I just recently signed up for hosting. I initially built my site on the auto-assigned infinityfree subdomain (using wordpress). Then I purchased a domain and parked it as per instructions so requests are forwarded to the infinityfree subdomain. Everything appeared to work fine.
Next, I added my domain to cloudflare (changed infinityfree’s nameservers to cloudflare’s nameservers with my registrar as required). I didn’t run into any issues and checking my SSL, it appears to work fine. However, my site still shows as insecure. I’ve tried all suggestions for the past 2 days and still not making a headway. If I check the site on http, it works fine (but of course with the insecure page warning). If I try https, I get an “ERR_SSL_PROTOCOL_ERROR”.
I’ve checked SSL on my site using several different tools and it passed in every single case. If I use the Really Simple SSL plugin on Wordpress, it breaks the site. And I have to go in the database and reset the URLS.
CloudFlare is only for you custom domain. Free subdomain has no SSL installed.

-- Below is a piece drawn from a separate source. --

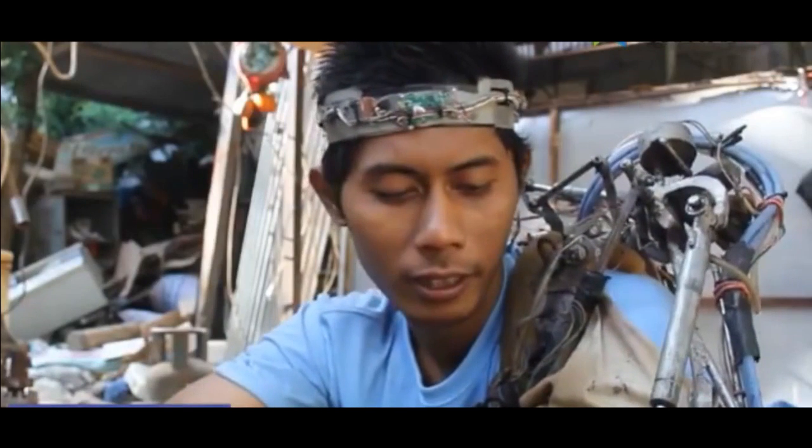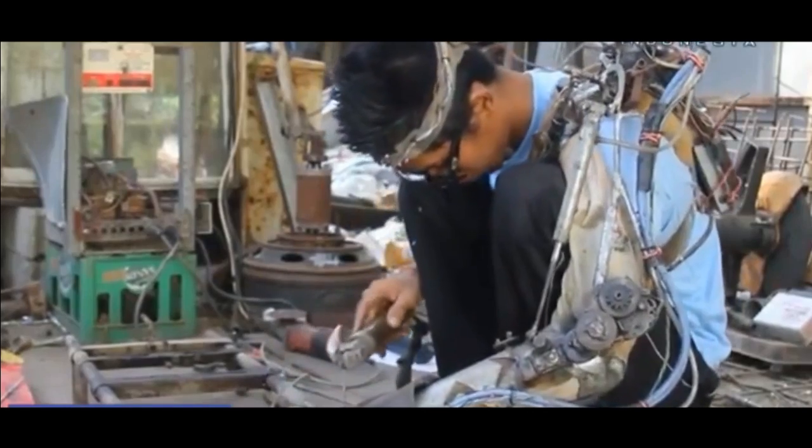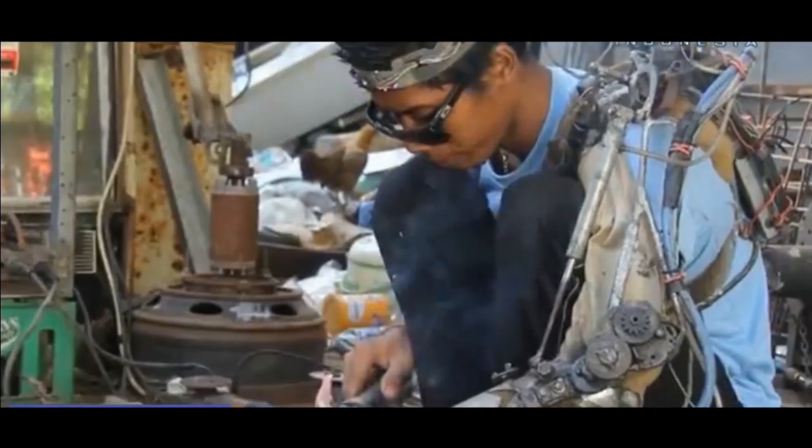From Bali, Indonesia. Wain Sertawan from Bali created a robot after his left hand was paralyzed six months ago.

Since WP is installed on free subdomain with no SSL, there is no way your custom domain (SSL enabled) can forward to free subdomain (non SSL).

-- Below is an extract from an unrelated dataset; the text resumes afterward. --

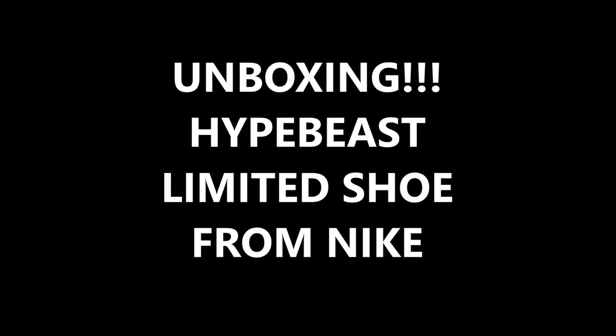We got a box baby! Yo, what's good YouTube, this is Rob Dollar back with another vid. As you guys can see, I got a box. Now before I get into this review and unboxing, make sure you guys hit that thumbs up.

Unless you migrate WP from free subdomain to your custom domain, you will need SSL for free subdomain as well
Really Simple SSL can’t install SSL Certificates on our platform for various reasons. You’ll need to manually install an SSL from Login to your account - InfinityFree (I recommend Self Signed issuer) and then install it with cPanel. After you do that, you can set your CloudFlare SSL settings to Full and then install Really Simple SSL. You can also use automatic http rewrites in CloudFlare.
Thanks. I did this and it seemed I made some progress - site shows up as secure but contents are all over the place. I then tried Really Simple SSL and everything went south. Can’t access the site. Message shows Cloudflare is fine but error is on the host’s side:
After generating, I clicked “Install”. Ensuing page shows it’s installed
Then I went to SSL section in cPanel (because site still wasn’t secured) and I clicked to "Generate Key/CSR) - not sure if this was necessary
Instructions I’m reading appear to suggest that the key/CSR combination needs to be sent to some ‘vendor’ who would then provide me a Certificate that I’d need to upload. Am I right? Is this necessary in my case? I feel like I’m bungling something.